10:00 Second Look Legislation—An Old Idea in New Clothes
Carol Estes is the policy analyst and legislative advocate for FCWPP. She is also the volunteer founder and director of University Behind Bars, a prison college program at Washington State Reformatory that uses volunteer professors from area colleges to teach classes to prisoners for credit. The program has 150 participants and has awarded about 400 hours of college credit, as well as two associate’s degrees.
10:15 On Voting Rights for Prisoners and Ex-prisoners
- Why we’re still talking about voting rights for ex-felons
Sam Merrill is currently clerk of FCWPP’s Legislative Committee and has actively lobbied on voting rights for ex-felons for three years, including last year, when landmark legislation was passed. Sam was also part of a groupthat took turns conducting Quaker meetings in a Pennsylvania prison for about 10 years.
- Should prisoners be allowed to vote while they’re in prison? The Court says “Yes!”
Tom Ewell proposes FCWPP become a “friend of the court.”
- On voting, an excerpt from Walla Walla Journal, a book-length work of nonfiction by Art
Longworth, who is serving a sentence of Life Without the Possibility of Parole in Washington State Reformatory.

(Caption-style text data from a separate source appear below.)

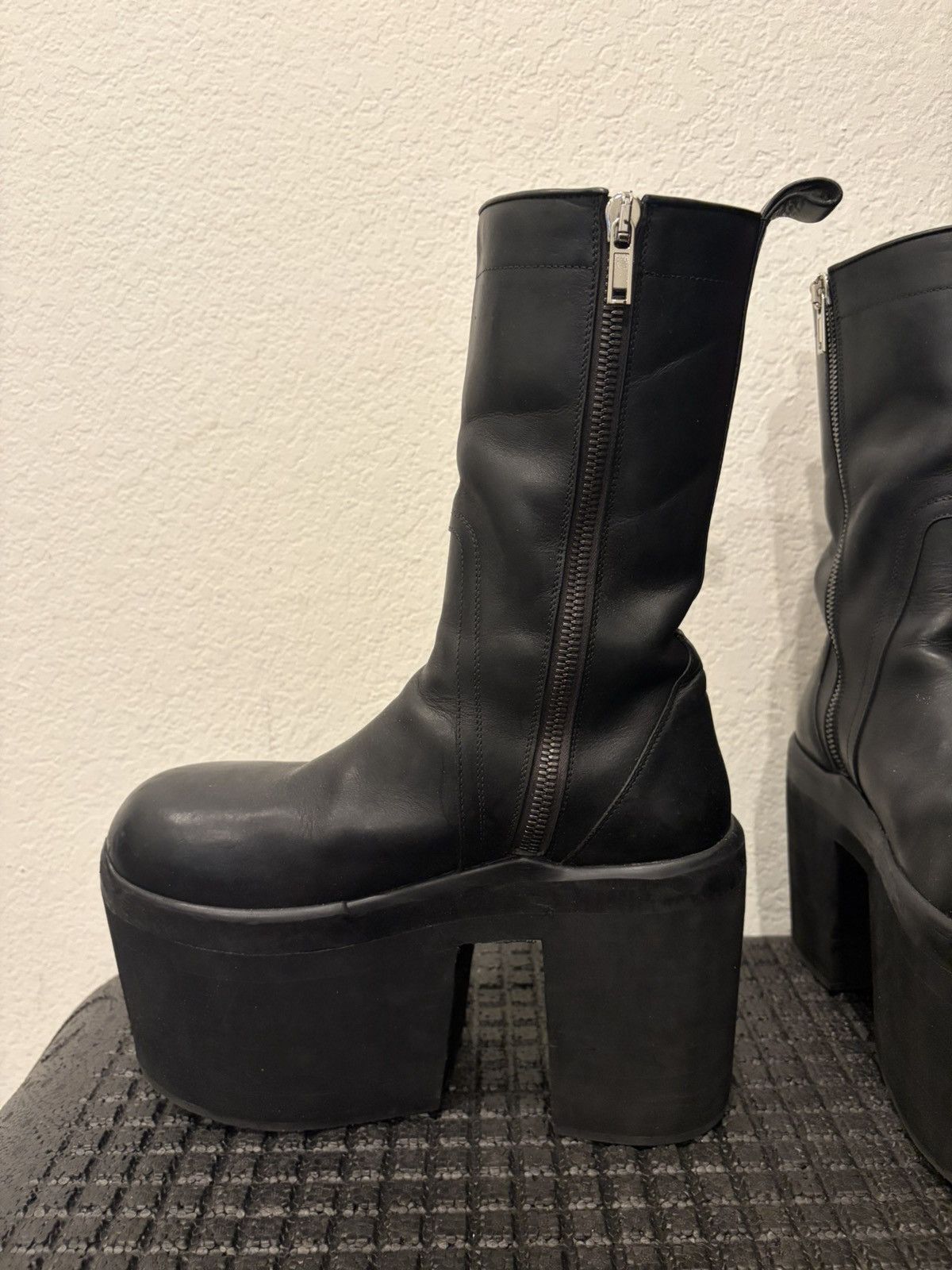 Rick Owens Rick Owens Bozo Tractor Creeper Zipper Boot Custom Sole Size US 10 / EU 43 - 5 Thumbnail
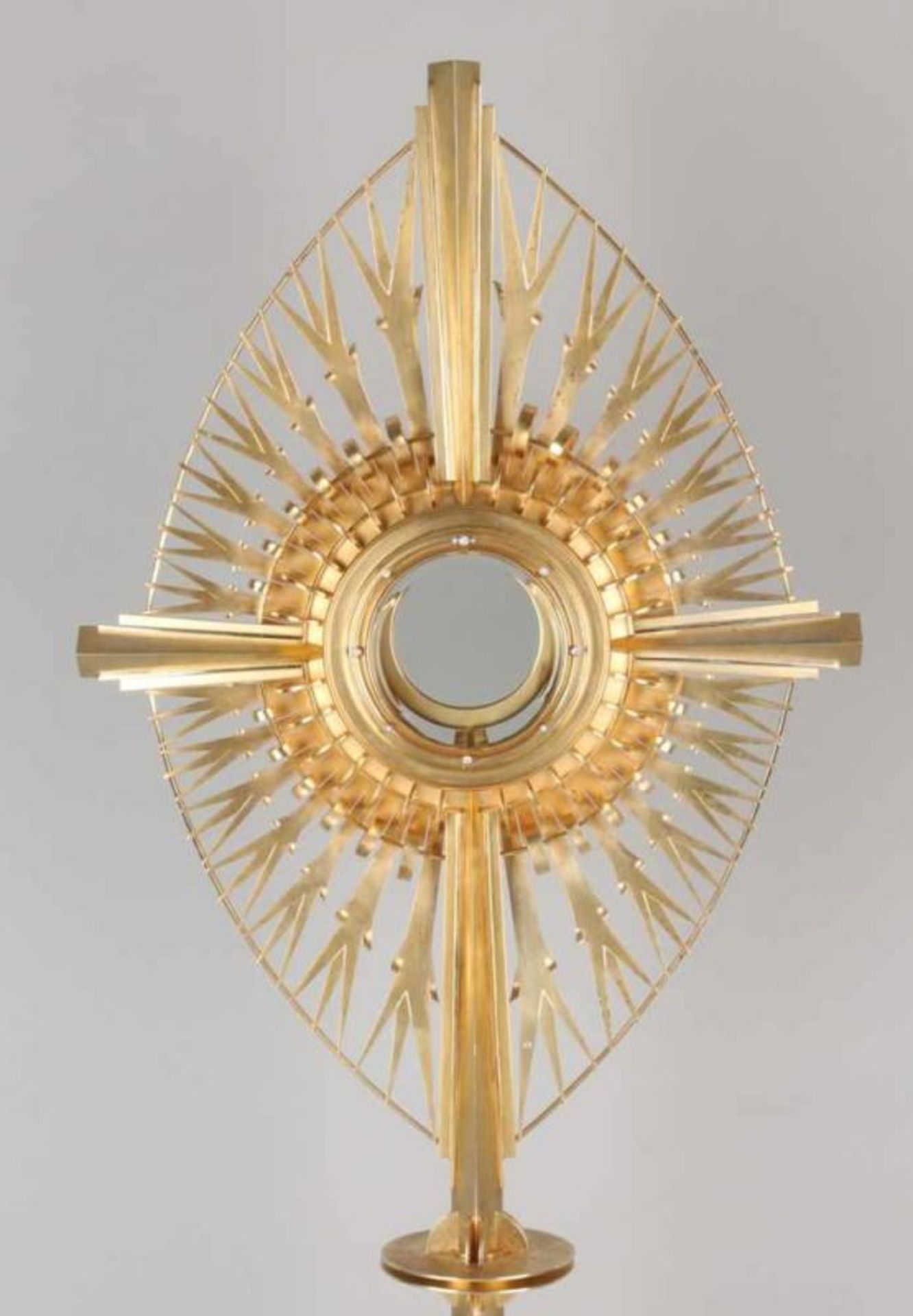 Beautiful silver plated monstrance, 833/000, made by Brom Utrecht. Marquis style with sawn curls and - Image 3 of 3
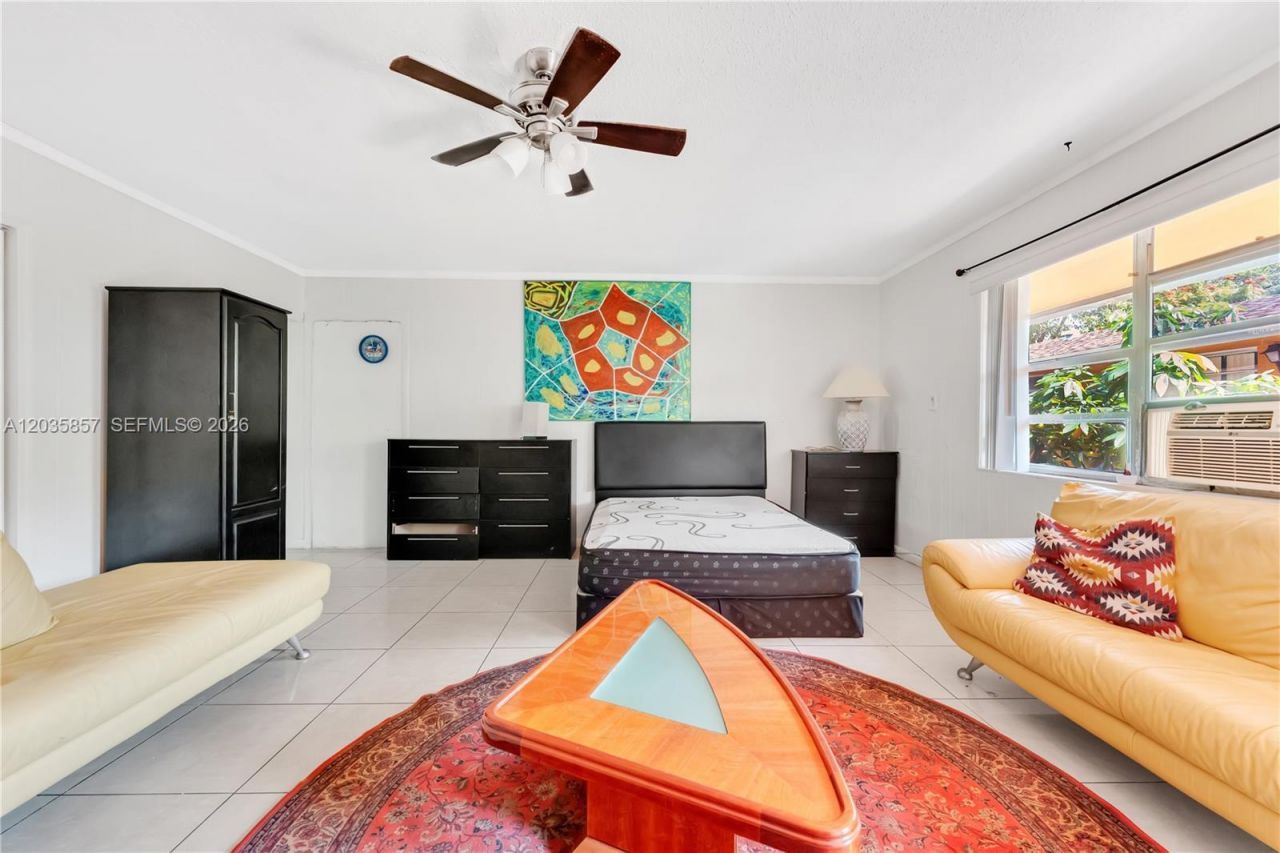 129-131 SE 5th St , Hallandale Beach, FL 33009 Photo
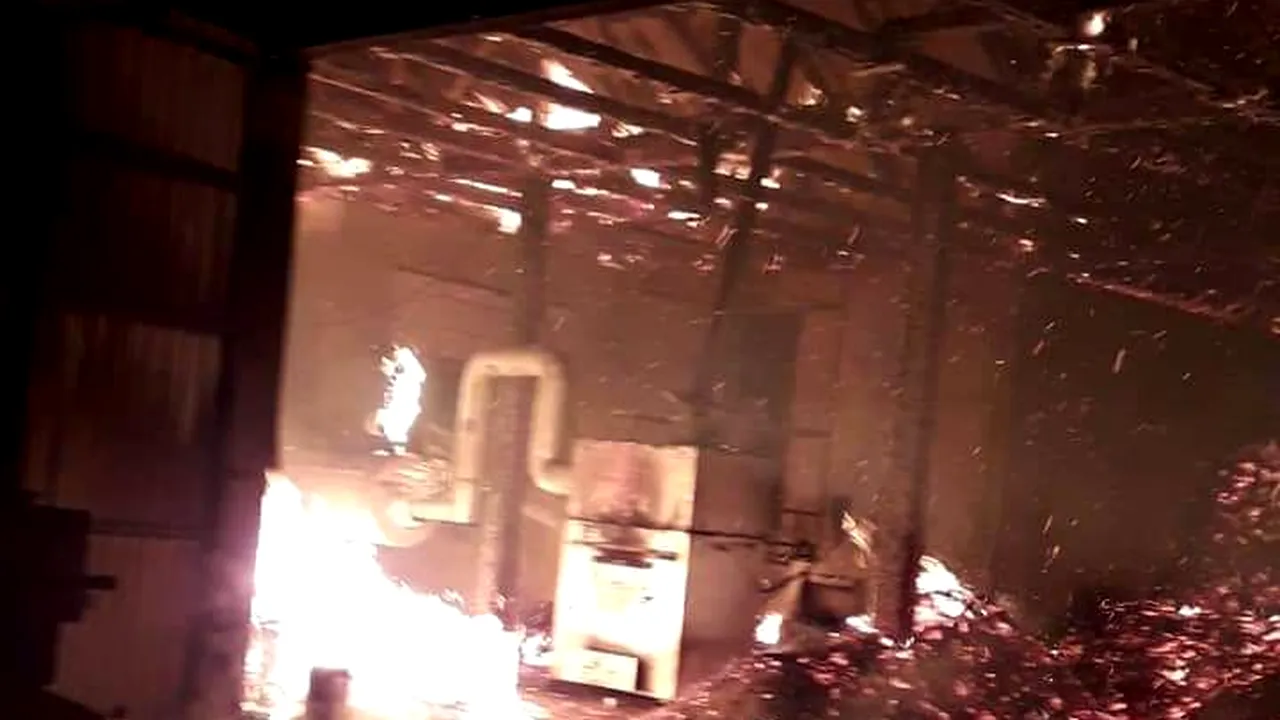 Incendiu violent la un atelier de prelucrare a lemnului din Hunedoara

10:45–11:00 WORKING GROUP BRIEFINGS
- Global Climate Change Working Group, headed by Dan Clark
- Restorative Justice Working Group, headed by Paul McCold
11:00–11:30 ECONOMIC JUSTICE
Steven Aldrich, a labor organizer and member of the FCWPP Legislative Committee, explains the array of problems created by the state’s unprecedented revenue shortfall and how the proposals contained in SB 6843 address those problems.
Pick up your sack lunch and leave for the Protect Our Future Rally, which begins at noon on the capital steps. Or, if you prefer, have lunch with others from your legislative district.
12-4 P.M. MEETINGS WITH LEGISLATORS
IN BETWEEN AND AFTER YOUR APPOINTMENTS
If you like, stop by the QLD table in the Pritchard Cafeteria to debrief. We’d love to hear how your lobbying went and how your legislators responded to your concerns.